Всю жизнь Йейтса не переставали упрекать за причудливость его философии, за суеверия, эксцентричность и высокомерную манеру. За фей и духов. За увлечение ренессансными дворами Тосканы и старинными усадьбами Голуэя. За Фазы Луны и Великое Колесо. Какой в них смысл, спросит добропорядочный гражданин? Почему мы должны слушать этого легковерного эстета, пересказывающего нам россказни невежественных крестьян, этого сноба, скитающегося по богатым поместьям и романтизирующего феодальный класс, этого шарлатана, перекраивающего историю и предсказывающего будущее с помощью диковинных геометрических фигур и астрономических знаков?»[7]
Шеймас Хини пытается ответить «добропорядочному гражданину» на понятном ему языке, объясняя, что магическое мировоззрение Йейтс усвоил еще в детстве, слушая рассказы ирландских крестьян на родине своих предков в графстве Слайго. Что он нашел в нем тот элемент самобытности, которая могла бы отличить ирландскую поэзию от остального мира. Что в поверьях старины и в своих поэтико-философских построениях он обрел защиту от рационализма и пошлого материализма века, очертив ими суверенную территорию искусства.
Это и было для него главное слово — тот символ веры, который он избрал еще подростком. В двадцать три года он писал другу:
Вся моя жизнь — в стихах. Ради них я бросил свою жизнь в ступу. Я растолок в ней юность и дружбу, покой и мирские надежды. Я видел, как другие наслаждаются жизнью, пока я стоял в стороне один, рефлектируя и что-то бормоча, — мертвое зеркало, в котором отражается живой мир. Я похоронил свою юность и возвел над ней гробницу из облаков.
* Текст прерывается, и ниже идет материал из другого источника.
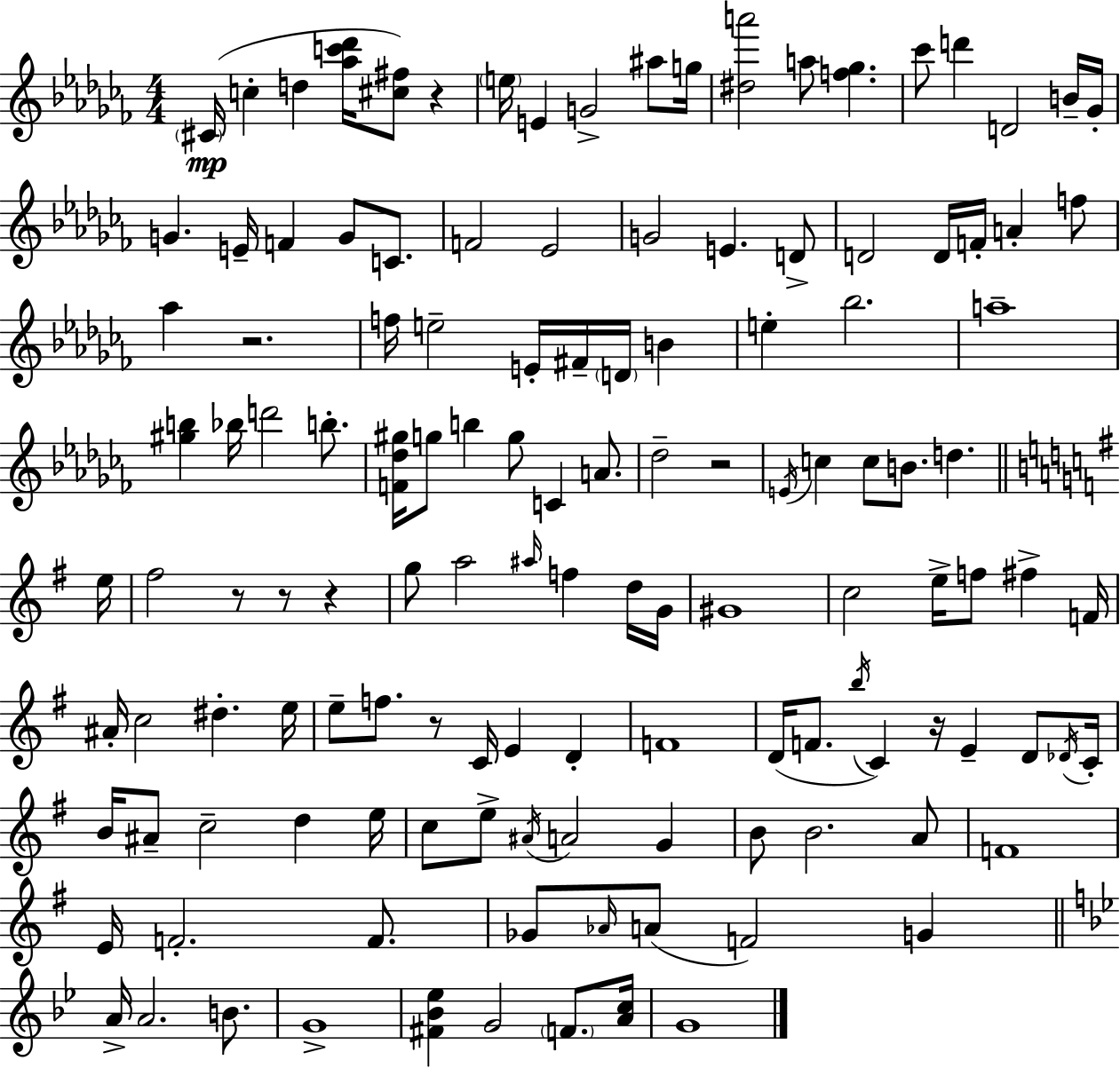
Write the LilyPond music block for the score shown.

Не изменить себе — самое трудное для человека в этом изменяющемся мире. Недаром последнее стихотворение Йейтса «Черная башня» прославляет связанных клятвой защитников последней цитадели, которые не поддаются ни посулам врагов, ни доводам о бесцельности сопротивления, ни надеждам на скорую подмогу. Пример для них — древние герои кельтских преданий, которых даже хоронили стоя в знак уважения к их мужеству.
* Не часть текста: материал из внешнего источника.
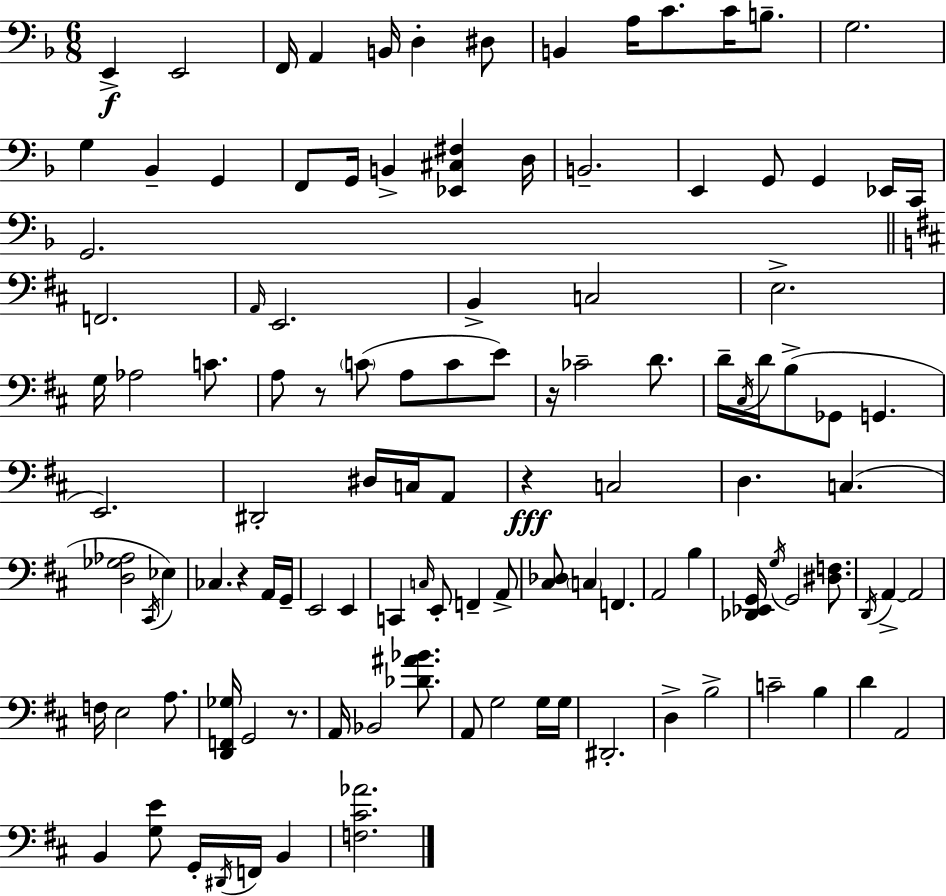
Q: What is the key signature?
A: D minor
Стоя в могилах спят мертвецы,
Но бури от моря катится рев.
Они содрогаются в гуле ветров,
Старые кости в трещинах гор.
Йейтс прошел длинный путь. Его старшими современниками были поэты-прерафаэлиты, которым он подражал, друзьями — лондонские декаденты и ирландские мистики рубежа веков, в поздние годы ему пришлось вытерпеть упреки и насмешки молодых, «социально ориентированных» поэтов. Мир-оборотень глядел ему в глаза, ужас времени и старости пугал, испытывая крепость его духа. Его поэзия прошла сквозь все это и, как Феникс, возродилась из огня такой же юной и прекрасной, как прежде.